EXERCISE BRIEF -> Each entry is to be output precisely as it appears.

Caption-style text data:
----------
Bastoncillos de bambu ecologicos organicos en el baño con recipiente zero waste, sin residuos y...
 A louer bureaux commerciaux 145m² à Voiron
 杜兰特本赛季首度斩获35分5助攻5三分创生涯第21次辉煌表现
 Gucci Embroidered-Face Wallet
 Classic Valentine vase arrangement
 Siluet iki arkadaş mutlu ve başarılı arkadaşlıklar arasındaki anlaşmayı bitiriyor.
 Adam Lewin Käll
----------
RESPONSE ->
Bastoncillos de bambu ecologicos organicos en el baño con recipiente zero waste, sin residuos y...
 A louer bureaux commerciaux 145m² à Voiron
 杜兰特本赛季首度斩获35分5助攻5三分创生涯第21次辉煌表现
 Gucci Embroidered-Face Wallet
 Classic Valentine vase arrangement
 Siluet iki arkadaş mutlu ve başarılı arkadaşlıklar arasındaki anlaşmayı bitiriyor.
 Adam Lewin Käll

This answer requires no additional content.